◆ **Excerpted records**

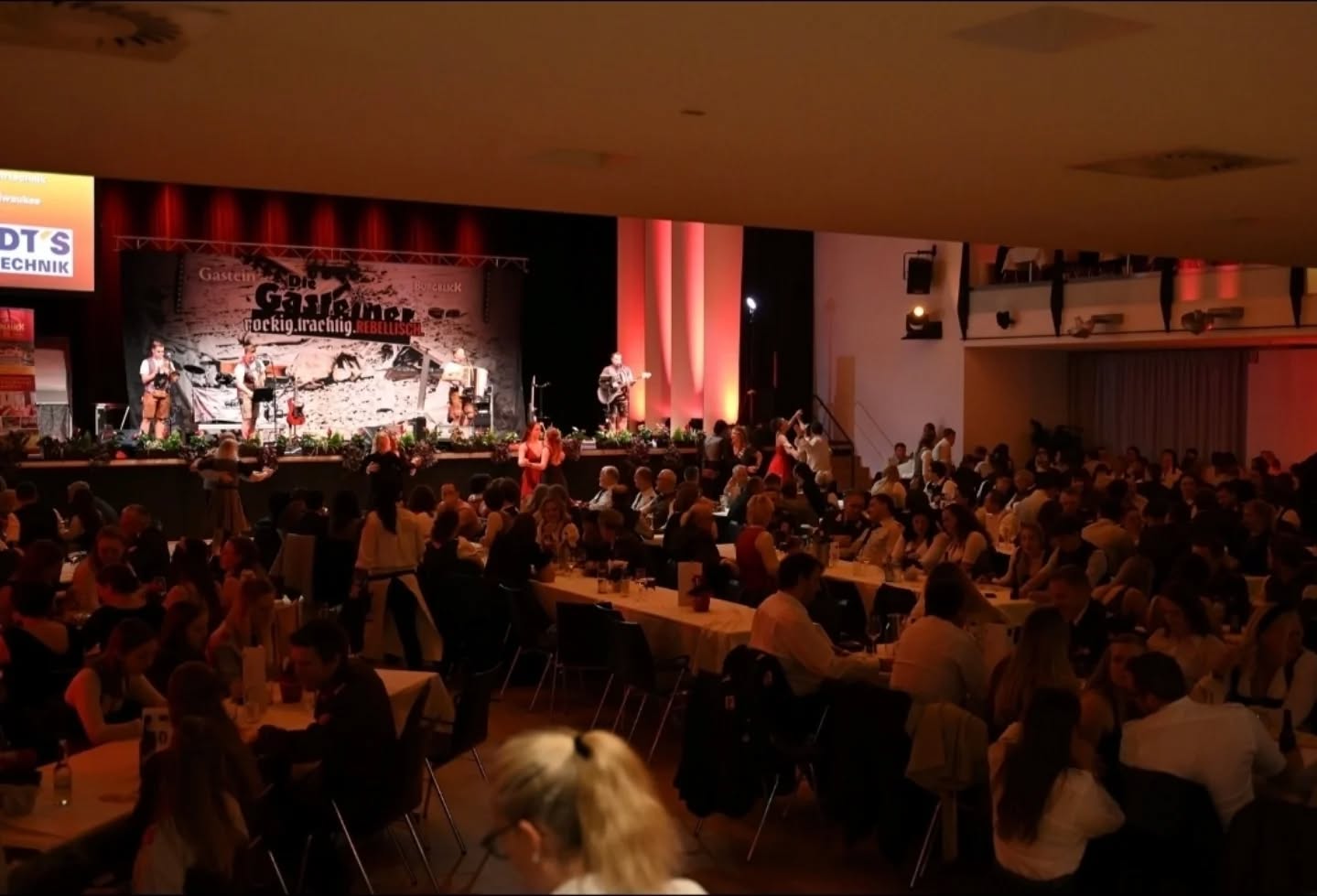 Instagram foto von diegasteiner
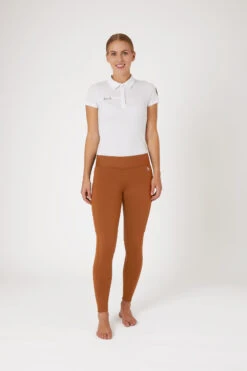 Horze Active Damen Winter Vollbesatzreitleggings Mit Handytasche 22 Horze Active Damen Winter Vollbesatzreitleggings Mit Handytasche -Cavallo Verkäufe 36780 cfbr 03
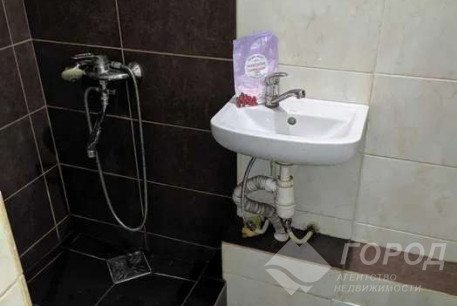 Продам гостинку, ХТЗ, Пролетарская метро (Индустриальная), Код: 799275/1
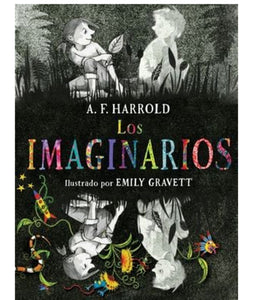 Los imaginarios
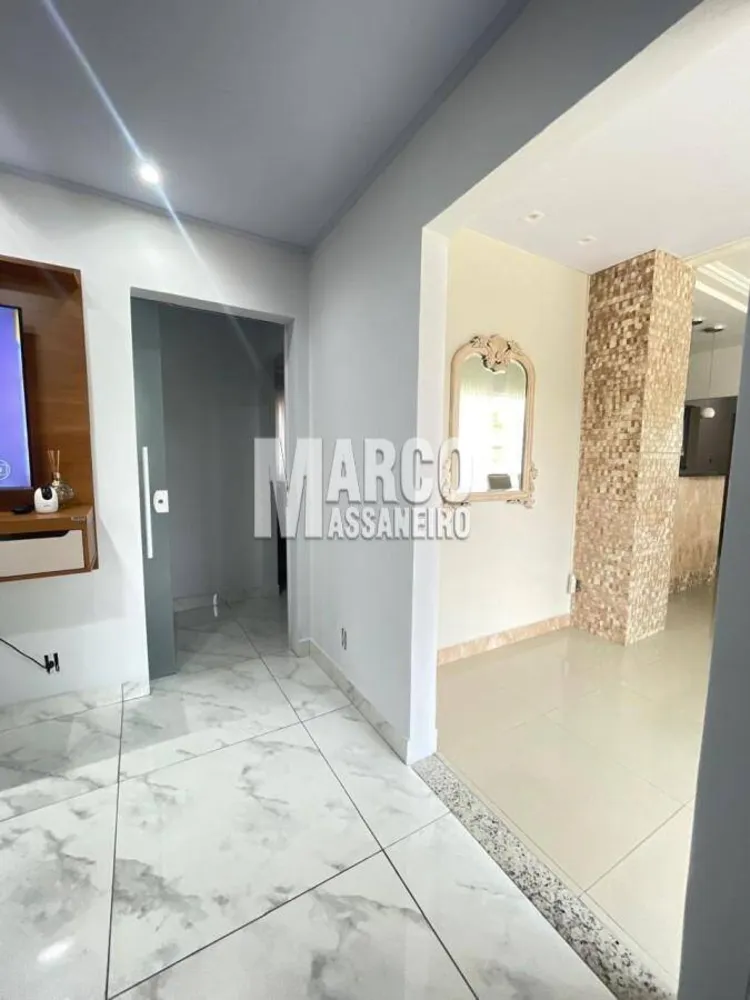 Casa, 3 quartos, 120 m² - Foto 5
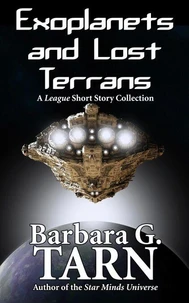 Exoplanets and Lost Terrans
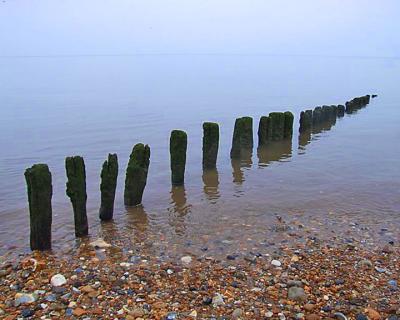 NorfolkCoast Retouch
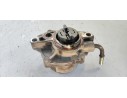 Recambio de depresor freno / bomba vacio para peugeot 206 berlina 1.4 hdi referencia OEM IAM 72814402  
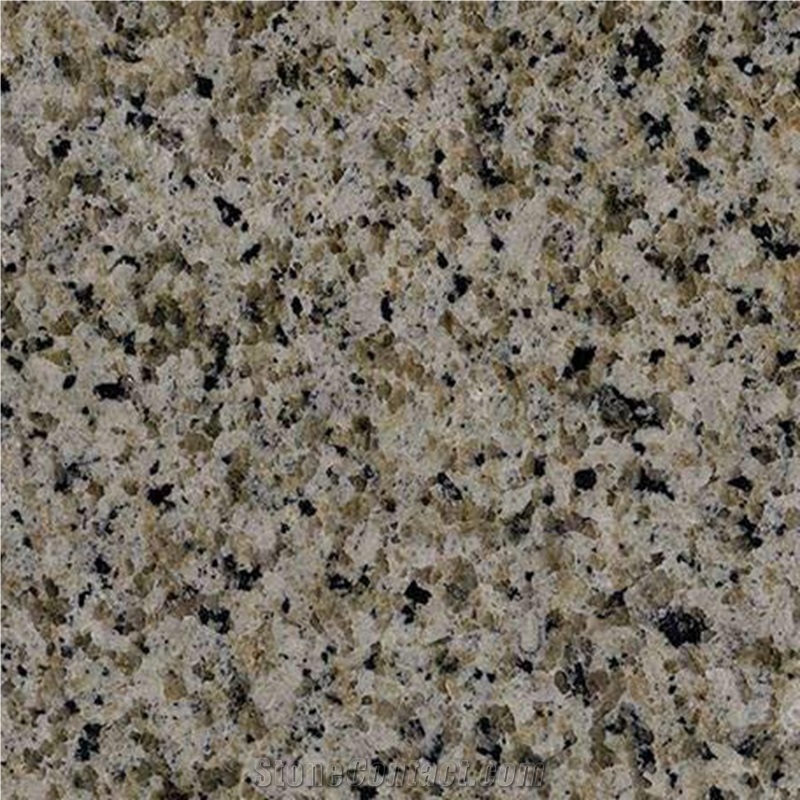 China Jiangxi Green Granite Tiles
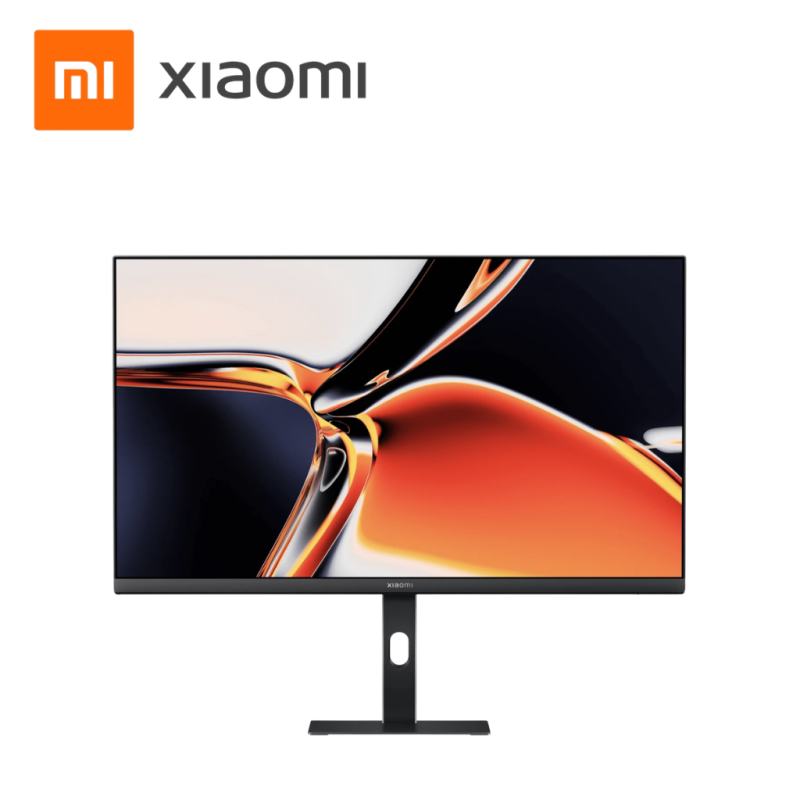Xiaomi A27Ui 27'' 4K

◆ **Your assignment**
Where a record holds a picture, leave the picture out and restate the rest word for word.

◆ **Response**
 Instagram foto von diegasteiner
 Horze Active Damen Winter Vollbesatzreitleggings Mit Handytasche 22 Horze Active Damen Winter Vollbesatzreitleggings Mit Handytasche -Cavallo Verkäufe 36780 cfbr 03
 Продам гостинку, ХТЗ, Пролетарская метро (Индустриальная), Код: 799275/1
 Los imaginarios
 Casa, 3 quartos, 120 m² - Foto 5
 Exoplanets and Lost Terrans
 NorfolkCoast Retouch
 Recambio de depresor freno / bomba vacio para peugeot 206 berlina 1.4 hdi referencia OEM IAM 72814402  
 China Jiangxi Green Granite Tiles
Xiaomi A27Ui 27'' 4K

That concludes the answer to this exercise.